After an easy 7-3 win at home over Detroit to open the month, Carolina dropped games to New Jersey and Philadelphia before losing at home to Lundqvist and the Rangers and then in Ottawa. Carolina managed just seven goals in those four losses and — if you take away the seven-goal game against the Red Wings — had just 23 goals in 11 games since they started the season with a five-game winning streak.

A month of games that was supposed to be about piling up points and creating a cushion for a return trip to the playoffs instead raised questions about whether the Hurricanes were the same team that stormed their way to the Eastern Conference Final last season.

“When you don’t score, it puts a lot of stress on everything, and everything gets magnified,” Brind’Amour said Monday morning before the second Senators game. “Every mistake you make gets magnified because then that becomes the crucial point of the game, versus if you’re scoring a couple here or there, then you don’t talk about, maybe, some of these other mistakes.”

On Monday, “a couple here or there” became a crooked number in all three periods, starting with a goal just 44 seconds in by Warren Foegele and ending with Joel Edmundson — who got both his first and second points with the Hurricanes with third period assists after being held off the scoresheet in his first 17 games with Carolina — ending the barrage with a goal for the second three-point night of his career.

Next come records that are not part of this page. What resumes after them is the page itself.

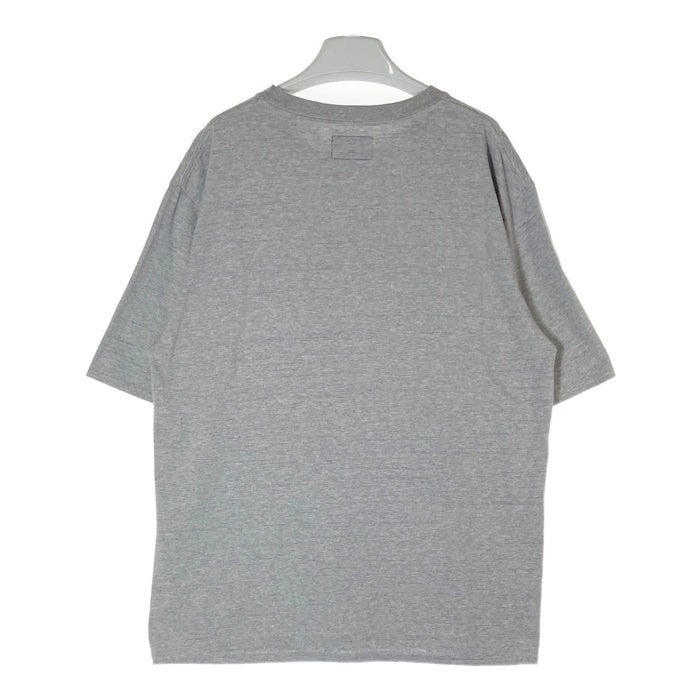 THE NORTH FACE ノースフェイス PURPLE LABEL パープルレーベル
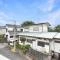 【神奈川県/横浜市旭区上白根】旭区上白根1丁目　新築戸建 眺望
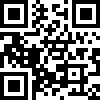 https://khabaronline.ir/xn7tw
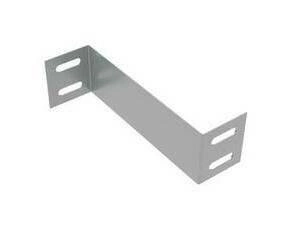 KOPOS NR 50X125 S  REDUKCE 50X125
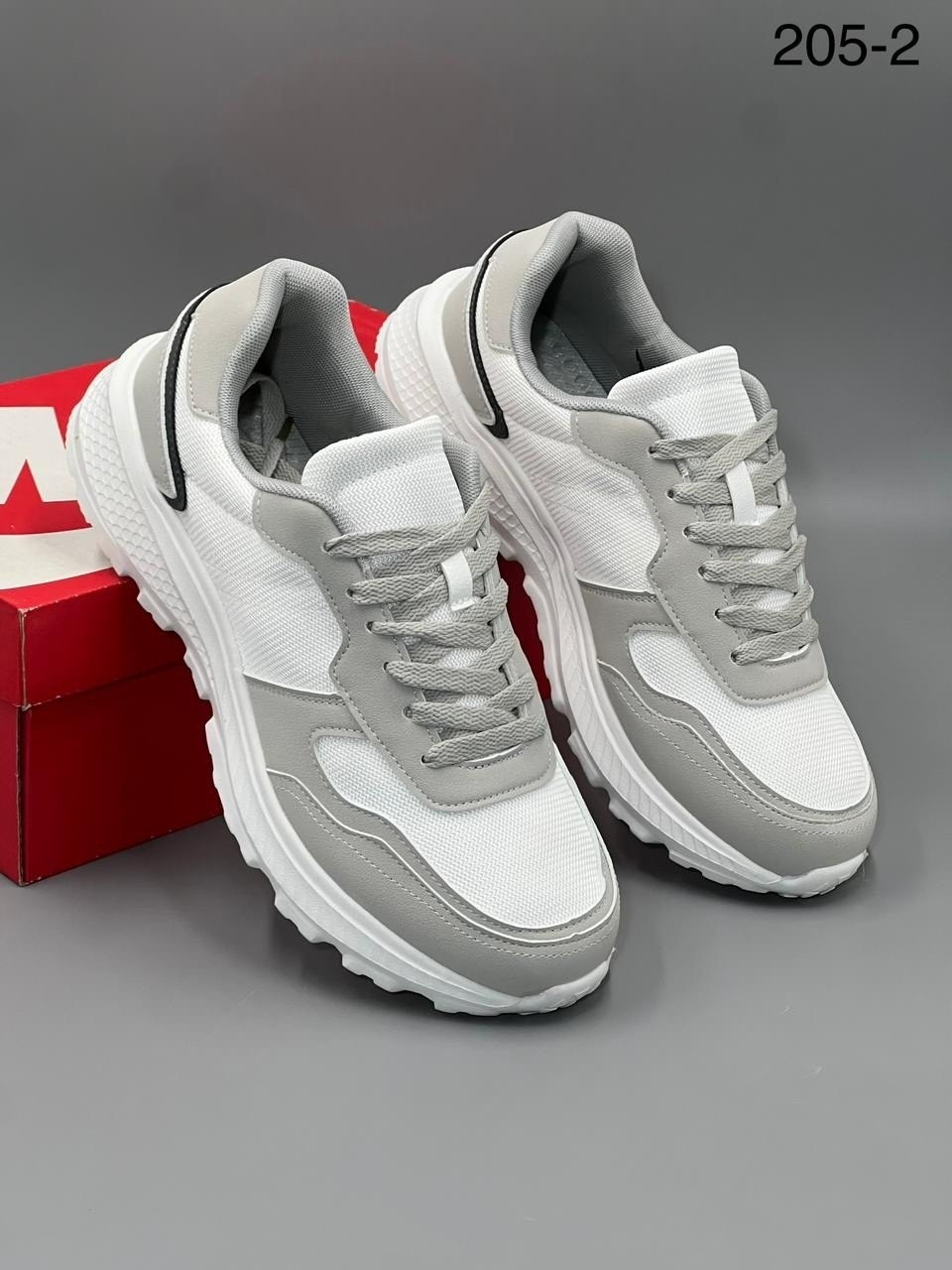 кроссовки,повседневные кроссовки,женские кроссовки,бежевые кроссовки,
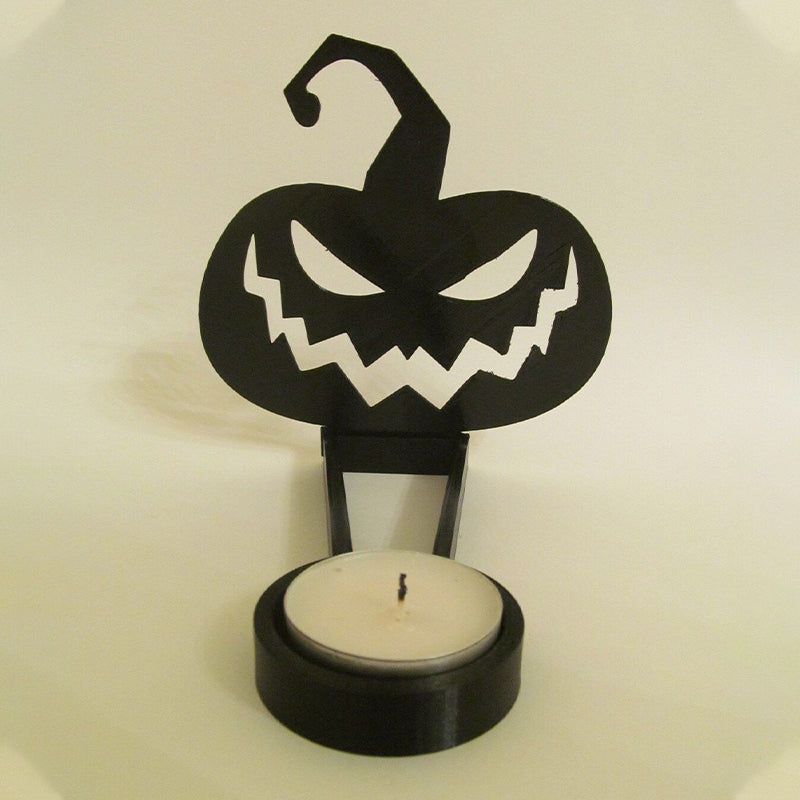 50% RABATT | ShadowSpook™ | Spuktastische Halloween-Schatten-Deko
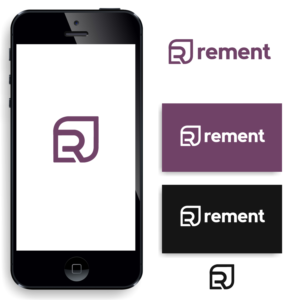 Logo Design by Rueell Artss for this project | Design #26790286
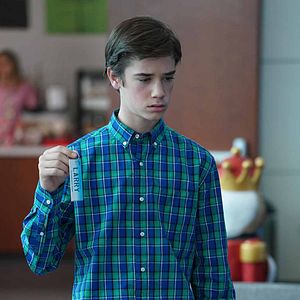 Fotoğraf Daniel DiMaggio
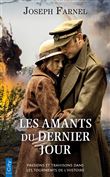 Les amants du dernier jour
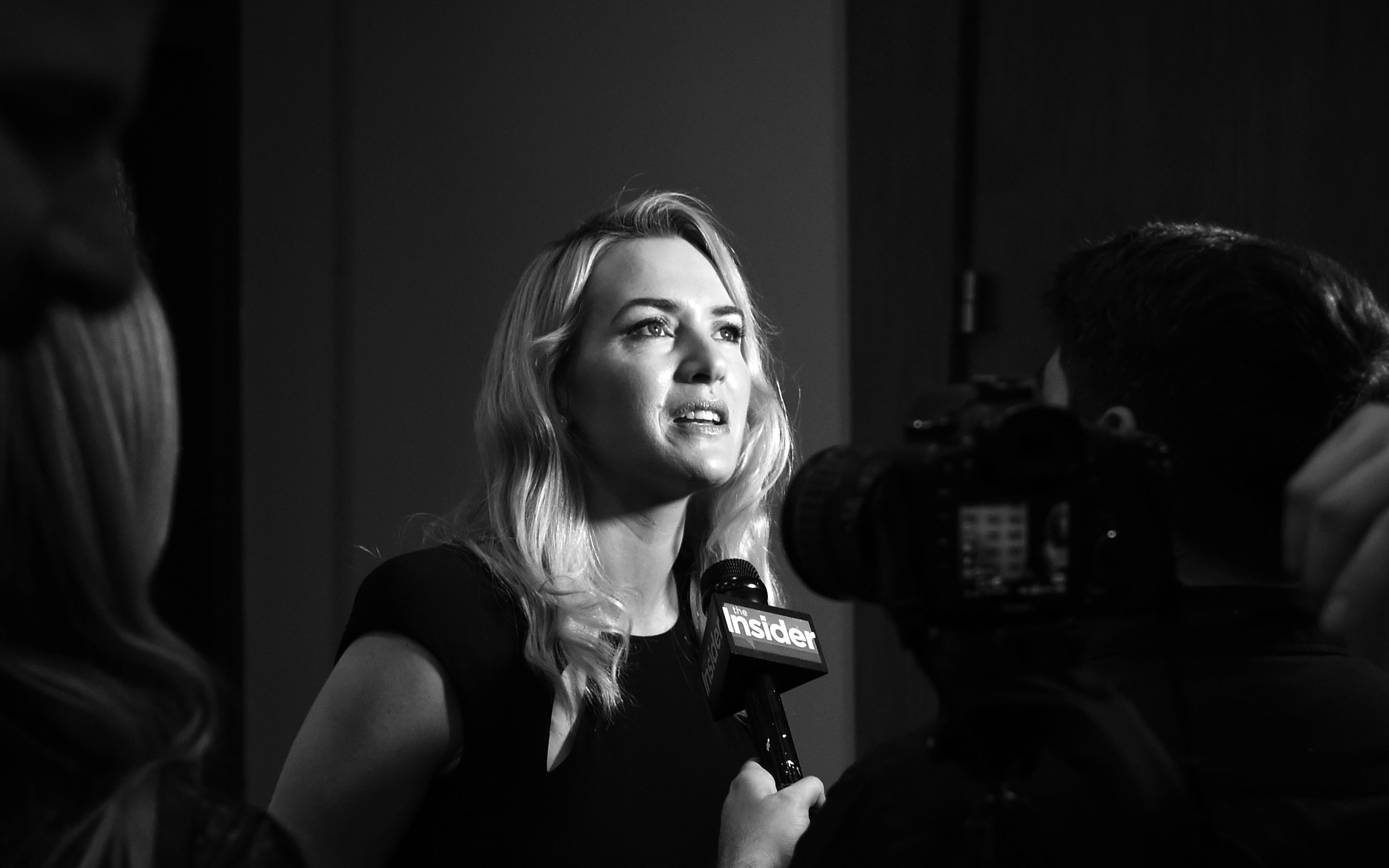 Guest Conduct On The Red Carpet: Insights From CNN Guest Conduct On The Red Carpet: Insights From CNN
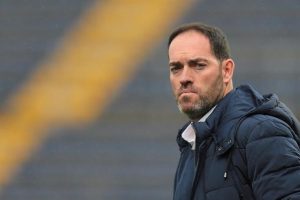 الاهلي يرفض اول طلب لـ ريكاردو سواريش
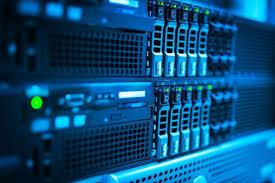 VPS Server Hosting Market Poses Multi-Billion Dollar Opportunity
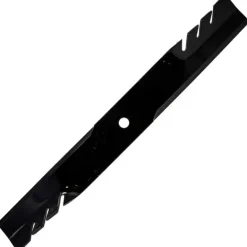 Genuine Exmark 116-5173-S Extreme Blade Lazer Z AC AS LC XP XS Turf Tracer 60" - Explore Premium Parts & Accessories for All Motor Vehicle Models< Exmark OEM Parts & Accessories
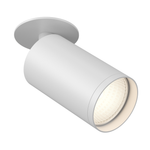 Встраиваемый светильник Maytoni FOCUS S C049CL-U-1W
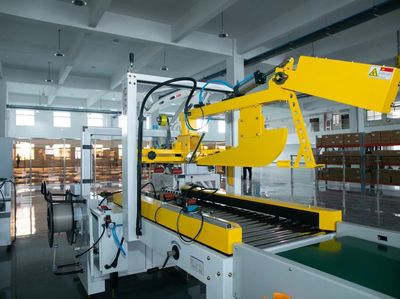 數(shù)字化能力輸出，讓聯(lián)接更有價值 數(shù)字工業(yè)綜合解決方案如何助力企業(yè)打造數(shù)字化工廠標(biāo)桿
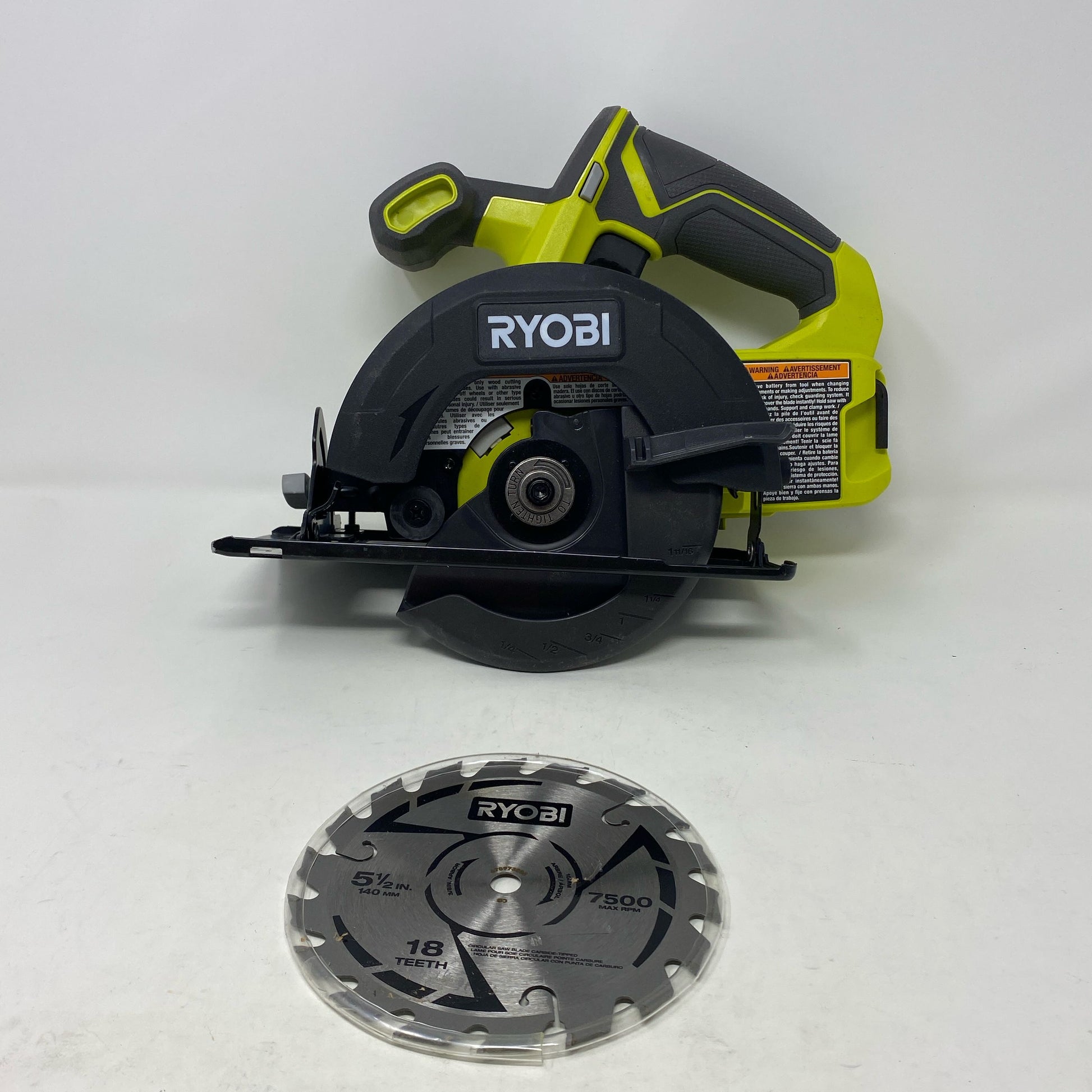 Front-LPNO596579614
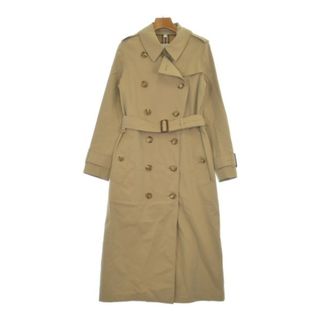 BURBERRY(トレンチコート)のフリマアイテム一覧 BURBERRY(トレンチコート)のフリマアイテム一覧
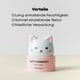 thumbnail image 4 of Crema Hidratante De Día TONYMOLY Cat´s Purrfect, 4 of 5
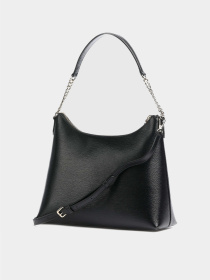 Сумки DKNY модель R21C3R74-BGD-SS24 Фото
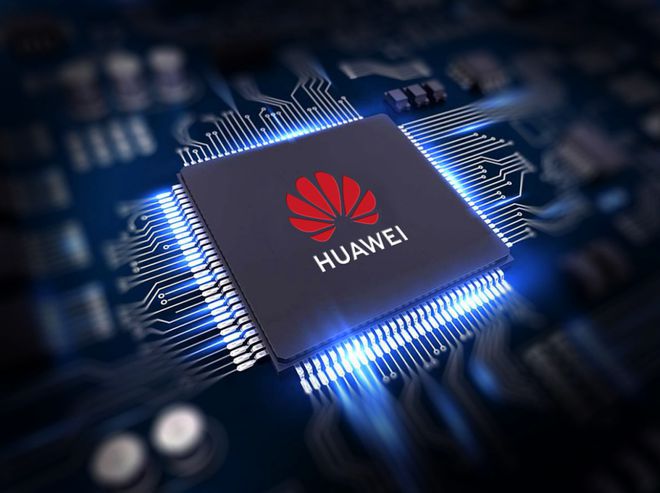 为什么麒麟9020处理器这么强？封测和架构或许是关键！(图6)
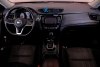 Nissan X-Trail  2019. ���� 7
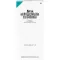 AQUA AD iniectabilia ex Colonia ampoules, 10X5 ml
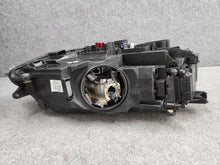 Load image into Gallery viewer, Frontscheinwerfer VW Golf VII 5g1 I 5G1941033A Xenon Links Headlight SCH3924840053yq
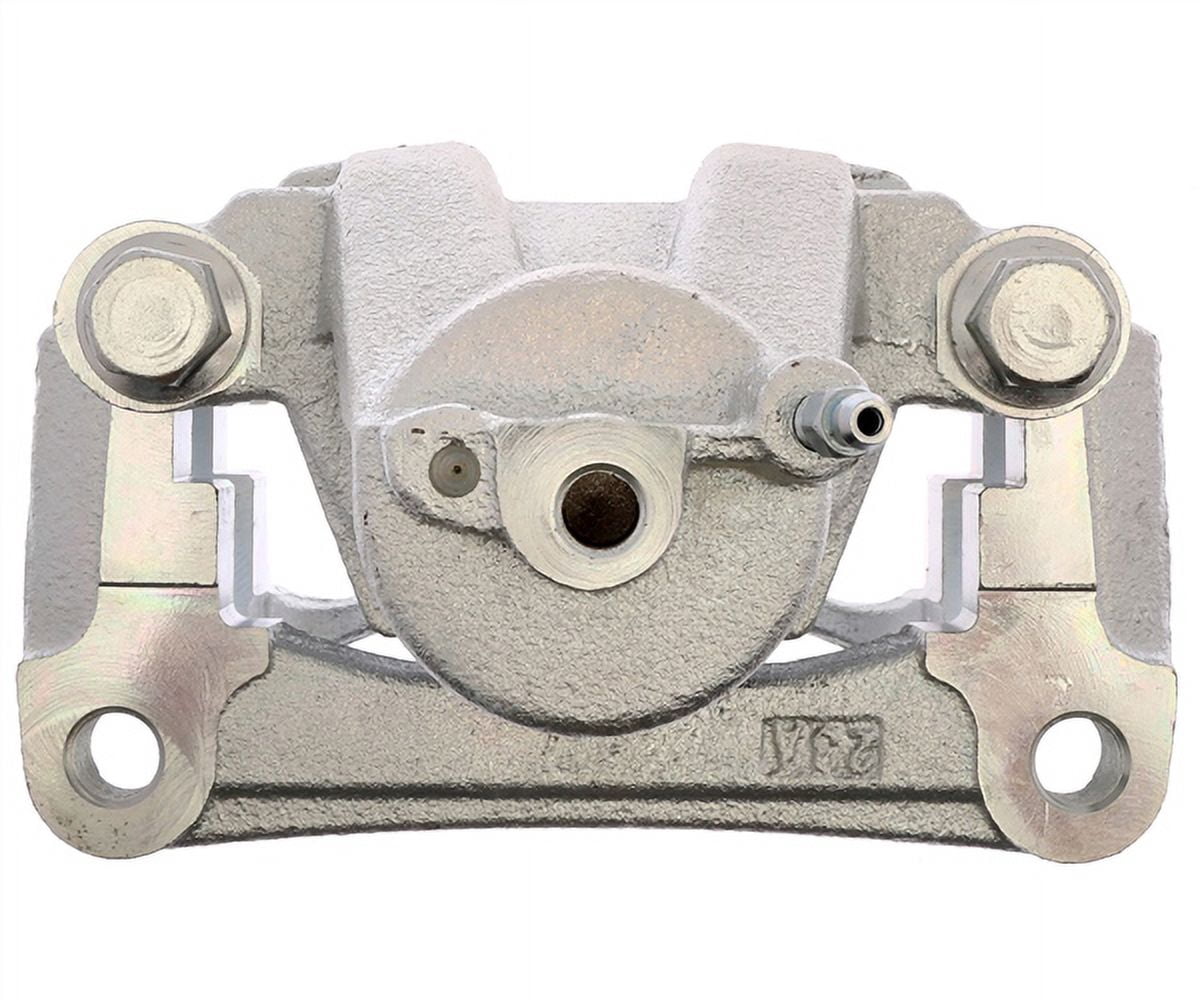 FRC13044N BRAKE CALIPER & BRACKET Fits select: 2016-2021 TOYOTA TUNDRA, 2016-2022 TOYOTA SEQUOIA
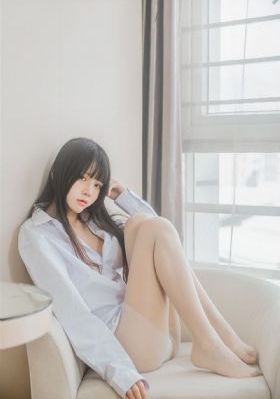 欧美性免费大片_高清高清视频观看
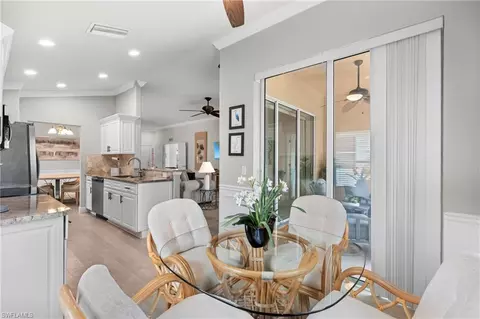 5767 Declaration Ct, Ave Maria, FL 34142 photo 14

“It’s kind of how it should look when you’re getting a lot of chances,” Brind’Amour said. “You should get a few that kind of bounce your way. I feel like, over these last little stretches, we played pretty well at times and just nothing.”

The six-goal margin of victory marked just the ninth time the Hurricanes have won by that much in a regular season game since the move to Raleigh and the first time in nearly nine years, a 7-1 win over, yes, the Senators on Nov. 17, 2010.

Historically, the Hurricanes haven’t parlayed big victories into long winning streaks. Only once in the other eight times the team has won by six or more did the Hurricanes parlay that into a three-game winning streak. In fact, four of the last five times Carolina has won big like Monday, they followed it up with two consecutive losses.

One night of getting rewarded doesn’t mean everything is automatically fixed.

“It’s not always going to look like that as far as scoring the goals, but I think we definitely got what we deserved tonight,” Brind’Amour said.